Workspace Layout
A workspace is a directory where experimaestro stores all experiment data, job outputs, and metadata. This page describes the directory structure and explains the purpose of each component.
Directory Structure
WORKSPACE_DIR/
├── .__experimaestro__ # Marker file indicating this is a workspace
├── experiments/ # Experiment run directories
│ └── {experiment-id}/ # One directory per experiment
│ ├── lock # Lock file (prevents concurrent runs)
│ └── {run-id}/ # One directory per run
│ ├── environment.json # Python environment and git info
│ ├── status.json # Experiment metadata and services state
│ ├── jobs.jsonl # Lightweight job information (one per line)
│ ├── jobs/ # Symlinks to job directories
│ ├── results/ # Saved experiment results
│ └── data/ # Serialized configurations
├── jobs/ # Actual job output directories
│ └── {task-type-id}/
│ └── {job-hash}/
│ ├── params.json # Job parameters
│ ├── {scriptname}.pid # Process info (PID, type) while running
│ ├── {scriptname}.done # Marker file when job succeeds
│ ├── {scriptname}.failed # Marker file when job fails (with reason)
│ ├── {scriptname}.out # Standard output
│ ├── {scriptname}.err # Standard error
│ ├── locks.json # Dynamic dependency locks (tokens)
│ └── .experimaestro/
│ ├── status.json # Job state, timestamps, progress
│ ├── {scriptname}.lock # Job lock file
│ ├── task-outputs.jsonl # Dynamic task output events
│ └── events/ # Permanent event storage (after archival)
│ └── event-{count}.jsonl
├── .events/ # Temporary event files (watched by scheduler)
│ ├── experiments/
│ │ └── {experiment-id}/
│ │ ├── current # Symlink to current run directory
│ │ └── events-{count}.jsonl
│ └── jobs/
│ └── {task-type-id}/
│ └── event-{job-id}-{count}.jsonl
├── partials/ # Shared partial directories
│ └── {task-type-id}/
│ └── {partial-name}/
│ └── {partial-hash}/
├── config/ # Configuration cache
└── .experimaestro/
└── experiments/
├── events-{count}@{experiment-id}.jsonl # Event log (active experiments)
└── {experiment-id} # Symlink to current run
Run ID Format
Each experiment run is identified by a run ID based on the timestamp when the experiment started:
Format:
YYYYMMDD_HHMMSS(e.g.,20250108_143022)If multiple runs start within the same second, a suffix is added:
20250108_143022.1,20250108_143022.2, etc.
This format ensures:
Runs are naturally sorted chronologically
Each run has a unique identifier
Run IDs are human-readable
Experiment Lock
The lock file at experiments/{experiment-id}/lock prevents multiple instances
of the same experiment from running simultaneously.
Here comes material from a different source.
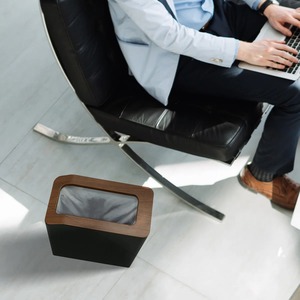 Poubelle rectangulaire noire moderne avec couvercle ouvert finition bois, poubelle contemporaine pour la maison, le bureau, le hall d'entrée, fabriquée en Inde - Product Image 6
When you start an experiment:
Experimaestro acquires an exclusive lock on this file
If another process holds the lock, a warning is displayed with the hostname of the holder (if available)
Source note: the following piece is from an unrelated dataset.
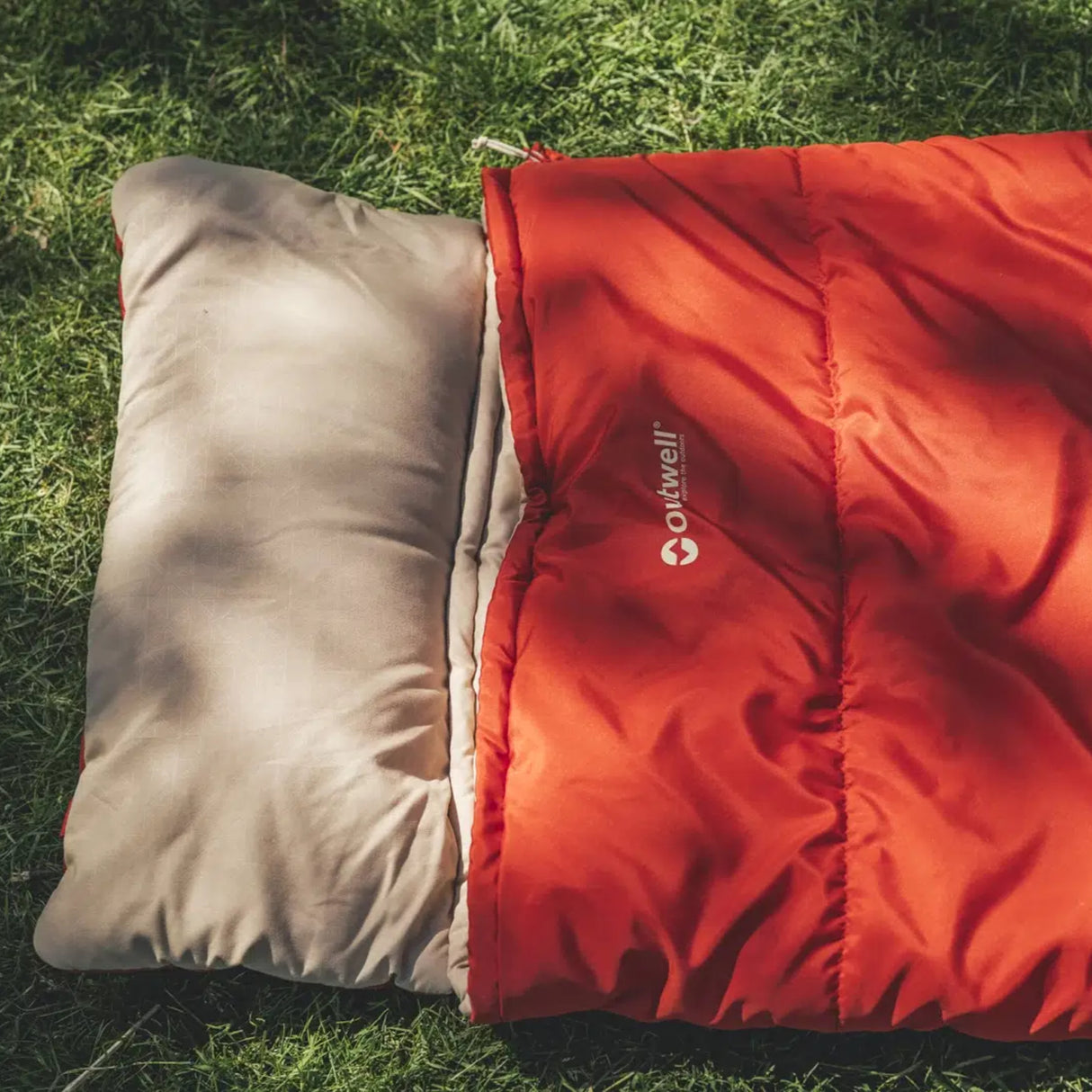 Outwell Contour Lux Sleeping Bag Red-Deep Blue - 53 Degrees North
The process waits until the lock is released
This ensures data integrity and prevents race conditions.
Environment Information
The environment.json file captures the complete runtime environment when the
experiment starts:
{
"python_version": "3.10.12",
"packages": {
"experimaestro": "2.0.0",
"torch": "2.1.0",
...
},
"editable_packages": {
"my-project": {
"version": "0.1.0",
"path": "/home/user/my-project",
"git": {
"branch": "main",
"commit": "abc123...",
"dirty": false
}
}
},
"projects": [...],
"run": {
"hostname": "compute-node-01",
"started_at": "2025-01-08T14:30:22",
"ended_at": "2025-01-08T15:45:10",
"status": "completed"
}
}
This information is essential for reproducibility - you can recreate the exact environment that was used for any experiment run.
History Cleanup
Experimaestro automatically manages experiment history to prevent disk space accumulation. The cleanup behavior is controlled by settings:
# In ~/.config/experimaestro/settings.yaml
# Global defaults
history:
max_done: 5 # Keep last 5 successful runs per experiment
max_failed: 1 # Keep last 1 failed run per experiment
workspaces:
- id: my-workspace
path: ~/experiments
# Override for this workspace
history:
max_done: 10
max_failed: 2
Cleanup rules:
When an experiment succeeds, all previous failed runs are removed
Only the most recent
max_donesuccessful runs are keptOnly the most recent
max_failedfailed runs are keptRuns with unknown status are never automatically deleted
v1 Experiment Layout
Experimaestro v2 can read experiments created with v1 (the xp/ directory layout).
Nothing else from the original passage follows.